* What the task requires *
Lines that contain the string "Purple" are the ones to list; copy all of them from the records.

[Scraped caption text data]
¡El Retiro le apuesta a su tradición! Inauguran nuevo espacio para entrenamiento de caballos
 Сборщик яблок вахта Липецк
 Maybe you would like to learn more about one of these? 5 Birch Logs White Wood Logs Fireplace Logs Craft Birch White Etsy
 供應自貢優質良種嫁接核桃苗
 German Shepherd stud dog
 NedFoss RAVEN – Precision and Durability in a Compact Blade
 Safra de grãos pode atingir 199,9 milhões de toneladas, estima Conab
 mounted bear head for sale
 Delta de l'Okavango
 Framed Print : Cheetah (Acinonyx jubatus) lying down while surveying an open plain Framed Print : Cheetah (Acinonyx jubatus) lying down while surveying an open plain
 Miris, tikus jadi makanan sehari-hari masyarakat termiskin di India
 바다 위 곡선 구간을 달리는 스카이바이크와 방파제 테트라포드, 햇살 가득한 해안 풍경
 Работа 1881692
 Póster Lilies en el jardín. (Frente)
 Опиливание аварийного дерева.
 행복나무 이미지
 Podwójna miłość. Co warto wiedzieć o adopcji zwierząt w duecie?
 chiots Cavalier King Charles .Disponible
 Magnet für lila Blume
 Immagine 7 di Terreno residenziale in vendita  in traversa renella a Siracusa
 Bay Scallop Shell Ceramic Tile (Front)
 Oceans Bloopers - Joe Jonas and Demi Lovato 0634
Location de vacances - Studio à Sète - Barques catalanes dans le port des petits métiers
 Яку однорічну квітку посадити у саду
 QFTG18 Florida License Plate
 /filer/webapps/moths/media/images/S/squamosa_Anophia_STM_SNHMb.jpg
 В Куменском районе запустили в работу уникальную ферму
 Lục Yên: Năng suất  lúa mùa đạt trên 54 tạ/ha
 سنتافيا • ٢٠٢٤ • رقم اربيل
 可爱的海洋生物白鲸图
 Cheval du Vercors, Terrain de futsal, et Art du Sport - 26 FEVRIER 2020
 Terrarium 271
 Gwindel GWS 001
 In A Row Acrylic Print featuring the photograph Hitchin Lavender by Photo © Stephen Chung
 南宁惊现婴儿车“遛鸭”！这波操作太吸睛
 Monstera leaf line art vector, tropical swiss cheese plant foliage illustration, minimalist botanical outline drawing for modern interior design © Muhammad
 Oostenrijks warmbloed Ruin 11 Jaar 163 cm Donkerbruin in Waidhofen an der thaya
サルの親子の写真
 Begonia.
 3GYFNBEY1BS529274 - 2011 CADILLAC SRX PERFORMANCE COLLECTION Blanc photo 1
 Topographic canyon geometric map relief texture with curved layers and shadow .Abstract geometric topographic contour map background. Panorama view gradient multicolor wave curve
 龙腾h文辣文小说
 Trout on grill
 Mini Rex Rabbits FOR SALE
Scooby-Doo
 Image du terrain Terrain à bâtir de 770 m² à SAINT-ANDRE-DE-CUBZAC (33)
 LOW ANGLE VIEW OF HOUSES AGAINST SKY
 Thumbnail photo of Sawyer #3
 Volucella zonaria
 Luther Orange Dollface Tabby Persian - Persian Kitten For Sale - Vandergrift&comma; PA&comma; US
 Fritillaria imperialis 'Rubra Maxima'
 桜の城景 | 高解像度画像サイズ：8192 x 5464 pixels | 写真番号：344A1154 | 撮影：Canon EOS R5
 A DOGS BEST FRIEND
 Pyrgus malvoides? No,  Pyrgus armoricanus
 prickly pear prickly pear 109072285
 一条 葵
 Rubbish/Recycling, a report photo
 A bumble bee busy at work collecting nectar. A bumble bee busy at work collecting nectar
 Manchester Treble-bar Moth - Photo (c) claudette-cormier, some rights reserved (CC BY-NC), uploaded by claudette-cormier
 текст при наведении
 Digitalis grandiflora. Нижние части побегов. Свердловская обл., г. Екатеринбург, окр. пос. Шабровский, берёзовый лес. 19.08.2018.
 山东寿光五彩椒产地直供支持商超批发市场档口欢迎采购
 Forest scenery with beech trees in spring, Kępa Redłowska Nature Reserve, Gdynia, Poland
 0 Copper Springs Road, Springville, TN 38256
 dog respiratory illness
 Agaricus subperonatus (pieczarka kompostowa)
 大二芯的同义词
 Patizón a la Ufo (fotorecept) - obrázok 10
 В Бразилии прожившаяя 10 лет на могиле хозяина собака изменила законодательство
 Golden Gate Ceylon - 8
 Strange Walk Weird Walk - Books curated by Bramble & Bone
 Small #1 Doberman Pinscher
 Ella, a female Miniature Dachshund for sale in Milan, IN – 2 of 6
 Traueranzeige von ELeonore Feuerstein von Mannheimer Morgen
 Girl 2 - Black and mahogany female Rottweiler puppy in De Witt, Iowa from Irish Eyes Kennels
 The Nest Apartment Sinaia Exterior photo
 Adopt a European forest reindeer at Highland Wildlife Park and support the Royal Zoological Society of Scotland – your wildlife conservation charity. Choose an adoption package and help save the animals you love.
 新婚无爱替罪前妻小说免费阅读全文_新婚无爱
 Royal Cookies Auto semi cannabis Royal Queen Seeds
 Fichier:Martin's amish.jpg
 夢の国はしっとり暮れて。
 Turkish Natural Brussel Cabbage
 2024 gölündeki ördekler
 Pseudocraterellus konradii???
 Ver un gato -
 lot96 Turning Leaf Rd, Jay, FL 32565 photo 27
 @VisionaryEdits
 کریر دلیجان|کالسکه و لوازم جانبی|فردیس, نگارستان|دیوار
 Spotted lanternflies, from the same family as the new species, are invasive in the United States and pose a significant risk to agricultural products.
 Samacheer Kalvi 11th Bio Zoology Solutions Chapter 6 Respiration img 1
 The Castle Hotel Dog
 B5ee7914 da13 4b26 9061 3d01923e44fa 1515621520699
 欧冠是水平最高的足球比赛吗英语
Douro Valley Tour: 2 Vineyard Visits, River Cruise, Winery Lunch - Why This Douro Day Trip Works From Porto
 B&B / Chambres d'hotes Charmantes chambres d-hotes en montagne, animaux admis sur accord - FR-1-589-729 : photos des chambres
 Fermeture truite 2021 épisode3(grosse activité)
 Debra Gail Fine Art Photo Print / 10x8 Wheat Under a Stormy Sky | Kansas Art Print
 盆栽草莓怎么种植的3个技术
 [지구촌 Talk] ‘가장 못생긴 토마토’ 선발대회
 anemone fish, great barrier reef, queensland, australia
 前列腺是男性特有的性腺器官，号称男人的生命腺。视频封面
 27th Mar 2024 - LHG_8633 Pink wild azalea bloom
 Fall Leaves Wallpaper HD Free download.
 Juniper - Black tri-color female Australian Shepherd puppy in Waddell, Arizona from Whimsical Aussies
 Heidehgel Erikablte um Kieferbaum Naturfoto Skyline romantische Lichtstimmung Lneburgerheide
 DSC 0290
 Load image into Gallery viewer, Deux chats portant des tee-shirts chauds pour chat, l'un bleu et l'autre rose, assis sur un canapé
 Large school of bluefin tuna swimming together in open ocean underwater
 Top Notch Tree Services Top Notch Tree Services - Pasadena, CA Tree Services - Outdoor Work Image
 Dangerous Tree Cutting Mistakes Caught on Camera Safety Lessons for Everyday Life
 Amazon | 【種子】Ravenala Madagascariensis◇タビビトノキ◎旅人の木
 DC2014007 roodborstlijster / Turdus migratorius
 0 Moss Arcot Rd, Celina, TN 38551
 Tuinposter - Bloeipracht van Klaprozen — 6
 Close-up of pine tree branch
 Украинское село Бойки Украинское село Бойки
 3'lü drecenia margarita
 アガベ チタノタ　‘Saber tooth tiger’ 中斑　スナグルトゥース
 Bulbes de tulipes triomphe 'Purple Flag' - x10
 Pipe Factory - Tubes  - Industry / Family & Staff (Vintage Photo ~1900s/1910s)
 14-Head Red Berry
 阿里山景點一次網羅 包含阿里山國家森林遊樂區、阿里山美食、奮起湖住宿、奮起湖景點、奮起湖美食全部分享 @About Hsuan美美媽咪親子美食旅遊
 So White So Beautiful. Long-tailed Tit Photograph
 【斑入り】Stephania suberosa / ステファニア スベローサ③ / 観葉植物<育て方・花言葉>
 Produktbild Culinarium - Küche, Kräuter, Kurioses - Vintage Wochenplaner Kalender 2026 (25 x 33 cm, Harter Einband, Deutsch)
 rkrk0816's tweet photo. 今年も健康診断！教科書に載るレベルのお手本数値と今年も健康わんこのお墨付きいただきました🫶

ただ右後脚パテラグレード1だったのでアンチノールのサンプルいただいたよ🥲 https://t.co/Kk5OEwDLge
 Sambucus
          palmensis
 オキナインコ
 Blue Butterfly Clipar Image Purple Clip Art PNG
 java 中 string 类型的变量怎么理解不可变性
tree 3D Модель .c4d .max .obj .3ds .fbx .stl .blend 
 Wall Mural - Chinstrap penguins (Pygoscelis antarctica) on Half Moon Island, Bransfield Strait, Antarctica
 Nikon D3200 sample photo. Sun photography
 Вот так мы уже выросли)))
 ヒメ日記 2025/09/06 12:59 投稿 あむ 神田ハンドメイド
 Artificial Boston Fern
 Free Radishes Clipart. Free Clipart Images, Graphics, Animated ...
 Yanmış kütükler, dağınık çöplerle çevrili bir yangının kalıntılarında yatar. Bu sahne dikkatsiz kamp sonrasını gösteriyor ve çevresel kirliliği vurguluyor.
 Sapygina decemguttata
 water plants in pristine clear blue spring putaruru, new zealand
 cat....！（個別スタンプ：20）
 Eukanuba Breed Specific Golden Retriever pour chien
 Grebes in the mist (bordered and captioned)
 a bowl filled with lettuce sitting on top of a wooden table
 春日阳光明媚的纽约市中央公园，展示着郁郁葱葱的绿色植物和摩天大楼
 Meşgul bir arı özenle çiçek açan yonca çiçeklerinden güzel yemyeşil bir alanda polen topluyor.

* Response to this exercise *
 Bulbes de tulipes triomphe 'Purple Flag' - x10
 Blue Butterfly Clipar Image Purple Clip Art PNG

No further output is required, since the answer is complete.